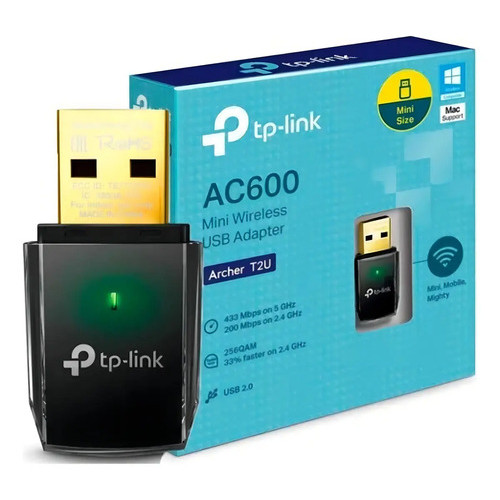 Adaptador Wireless Archer T2u Dual Band Ac600 - Tp-link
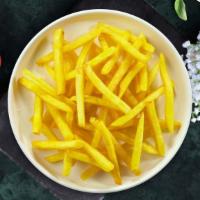 French Fries  · Idaho potato fries cooked until golden brown & garnished with salt.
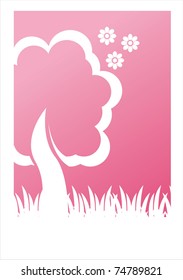 pink nature background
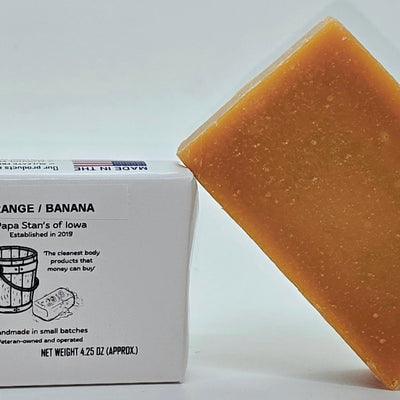 Banana Orange Smoothie Body Bar by Papa Stan's of Iowa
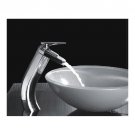 Wholesale Chrome Single Handle mount Waterfall Cold and Hot Bath Sink Faucets(O6610) Free Shipping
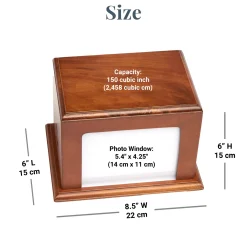 Over the Rainbow Bridge Wood Frame Pet Cremation Urn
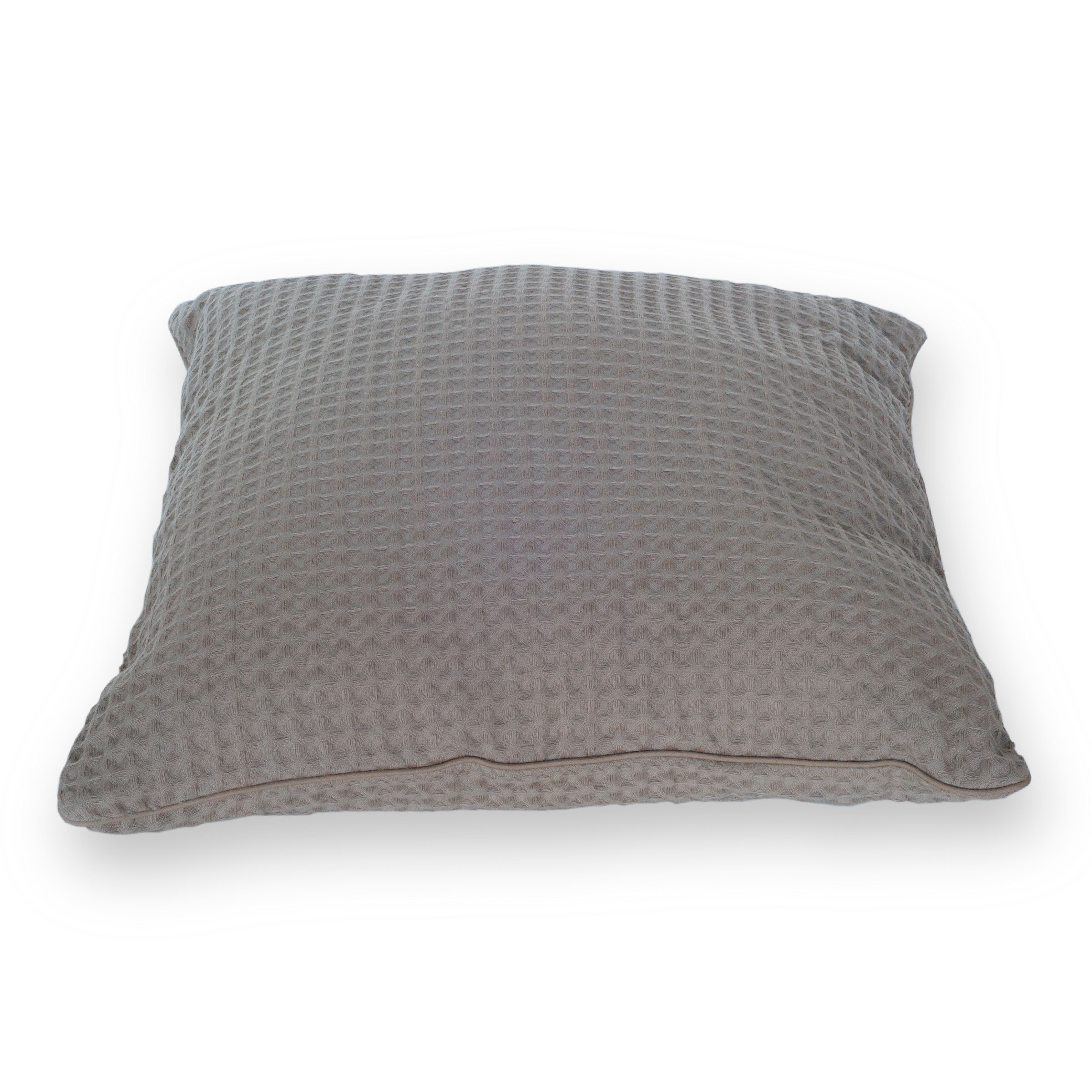 Dommelin Sierkussenhoes Bari Katoen Taupe Dommelin Sierkussenhoes Bari Katoen Taupe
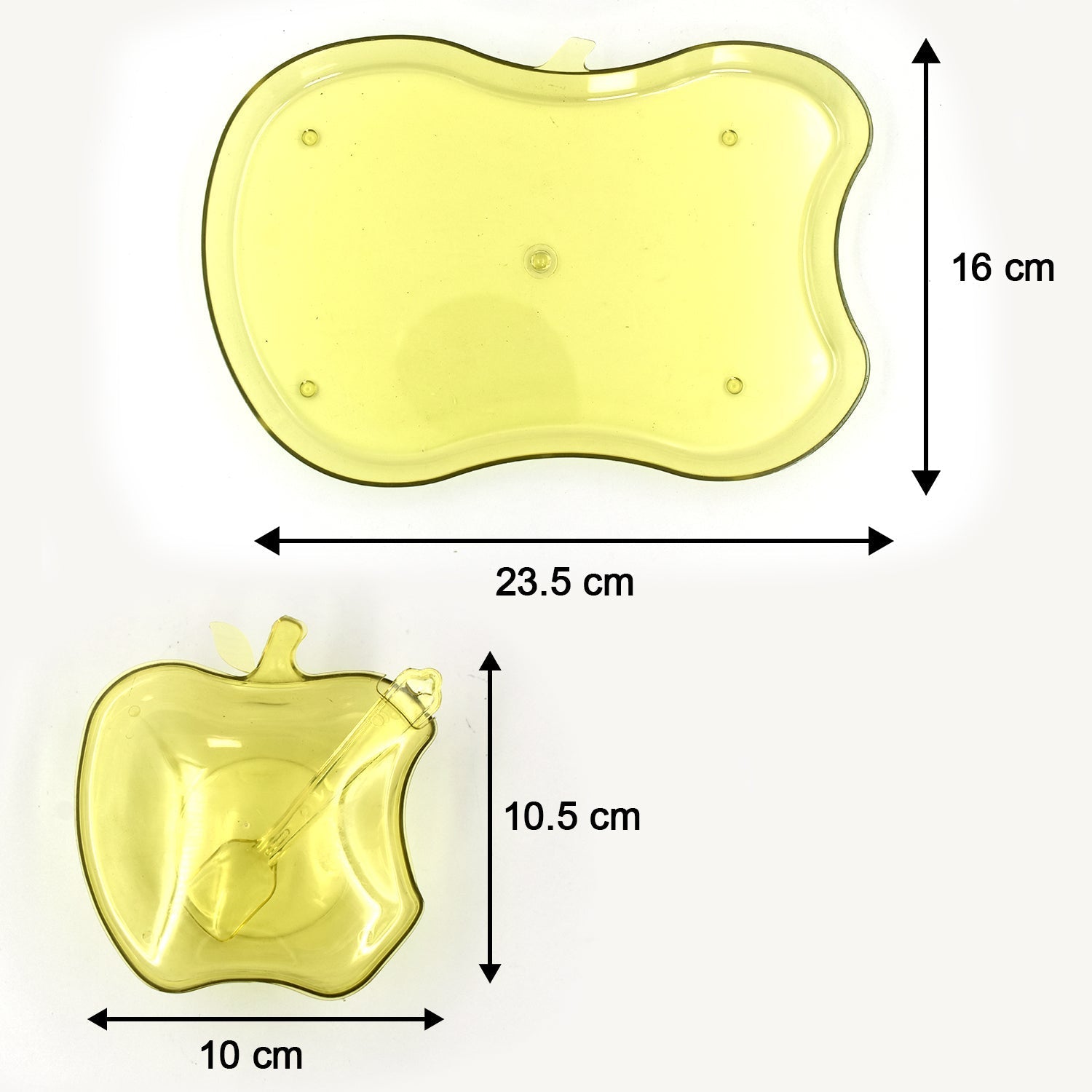 2752 Apple Shape Tray Bowl Used For Serving Snacks And Various Food Stuffs. Wukusy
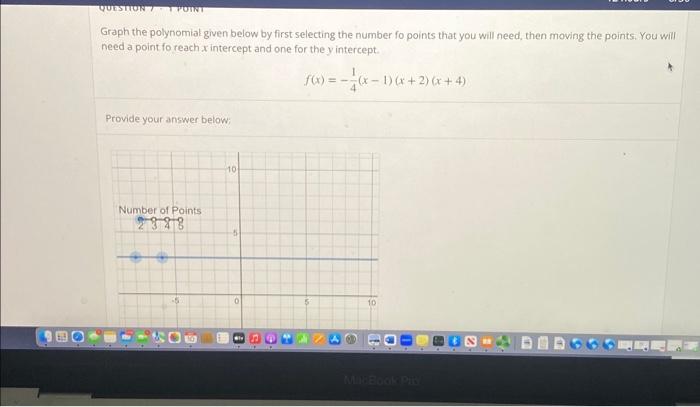 Graph the polynomial given below by first selecting | Chegg.com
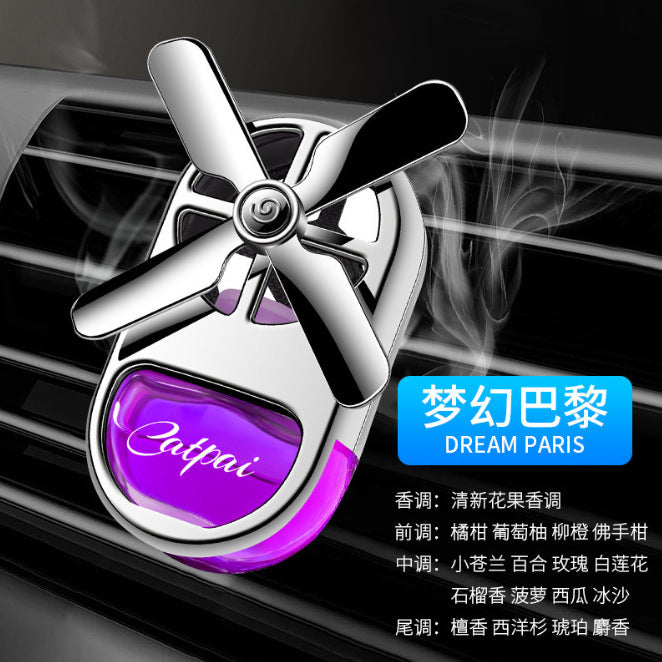 Car vent clip aromatherapy four-leaf clover perfume - light fragrance, car interior air freshener, odor eliminator, creative ornament, long-lasting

────────

◆ What is expected:
The copy must match every line of the data exactly and contain no pictures.

◆ Response for this exercise:
 Adaptador Wireless Archer T2u Dual Band Ac600 - Tp-link
 French Fries  · Idaho potato fries cooked until golden brown & garnished with salt.
 pink nature background
 Banana Orange Smoothie Body Bar by Papa Stan's of Iowa
 Wholesale Chrome Single Handle mount Waterfall Cold and Hot Bath Sink Faucets(O6610) Free Shipping
 Over the Rainbow Bridge Wood Frame Pet Cremation Urn
 Dommelin Sierkussenhoes Bari Katoen Taupe Dommelin Sierkussenhoes Bari Katoen Taupe
 2752 Apple Shape Tray Bowl Used For Serving Snacks And Various Food Stuffs. Wukusy
 Graph the polynomial given below by first selecting | Chegg.com
 Car vent clip aromatherapy four-leaf clover perfume - light fragrance, car interior air freshener, odor eliminator, creative ornament, long-lasting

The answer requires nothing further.